◆ Problem statement
With pictures left out, return only the lines from the line containing "schwarz/goldenes Tischfeuerzeug (Ibelo, colibri)" through the end of the material below, both included.
***
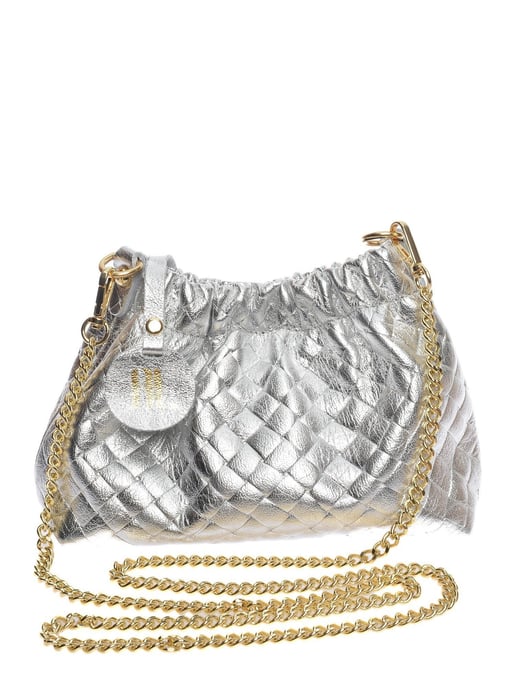 Anna Luchini Plata Bolso de cuero - Image 1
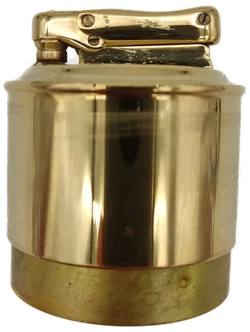 schwarz/goldenes Tischfeuerzeug (Ibelo, colibri) - Bild 5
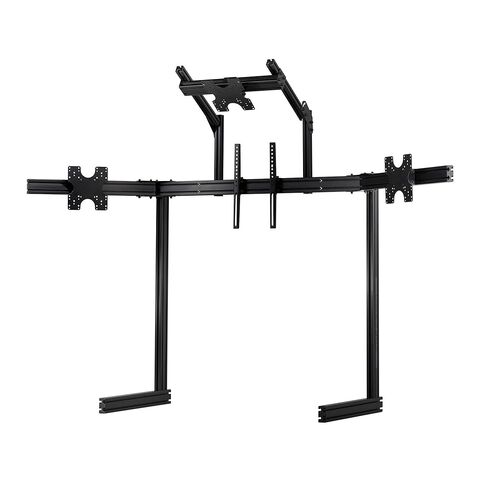 Next Level Racing Elite Free Standing Quad Monitor Stand - Black Edition (NLR-E037) in Saudi Arabia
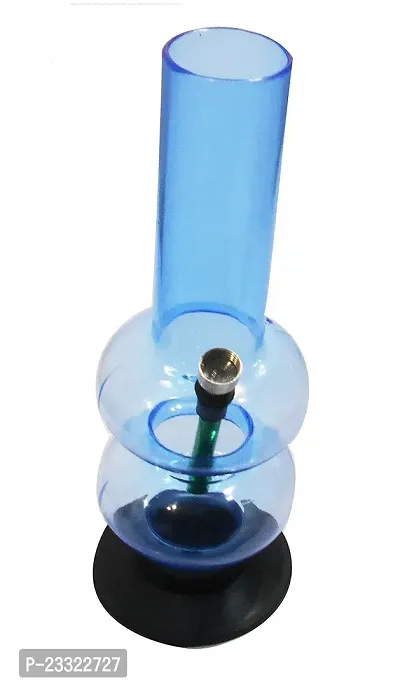 Metier 12 Inch Acrylic Smoking Water Pipe Bong (30 cm, Transparent Sky Blue)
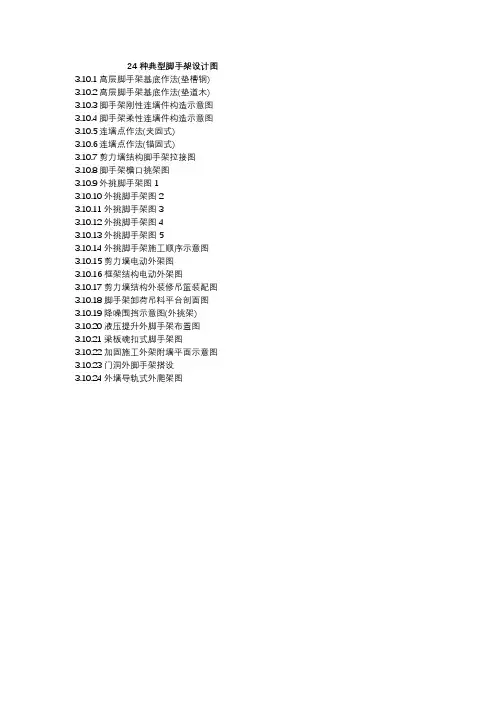 24种典型脚手架设计图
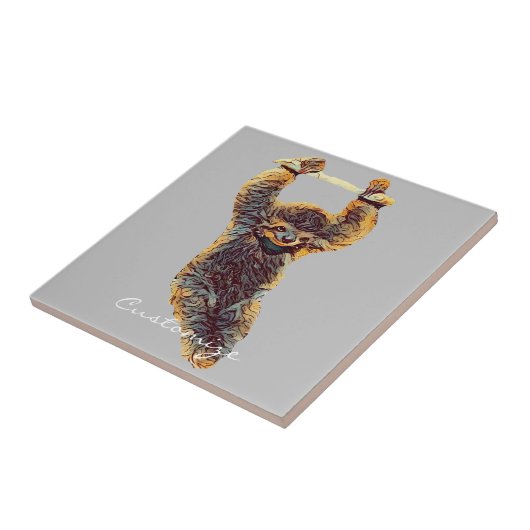 Sleuf die uit Thunder_Cove hangt Tegeltje (Zijkant)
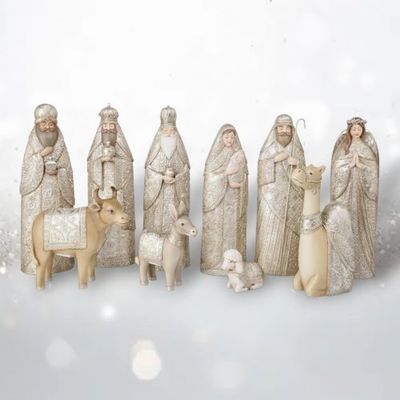 13.5&quot; Nativity Set Of 10 Christmas Decor *SHIPS WITHIN 10 DAYS* NEW 2025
***
◆ Your solution
 schwarz/goldenes Tischfeuerzeug (Ibelo, colibri) - Bild 5
 Next Level Racing Elite Free Standing Quad Monitor Stand - Black Edition (NLR-E037) in Saudi Arabia
 Metier 12 Inch Acrylic Smoking Water Pipe Bong (30 cm, Transparent Sky Blue)
 24种典型脚手架设计图
 Sleuf die uit Thunder_Cove hangt Tegeltje (Zijkant)
 13.5&quot; Nativity Set Of 10 Christmas Decor *SHIPS WITHIN 10 DAYS* NEW 2025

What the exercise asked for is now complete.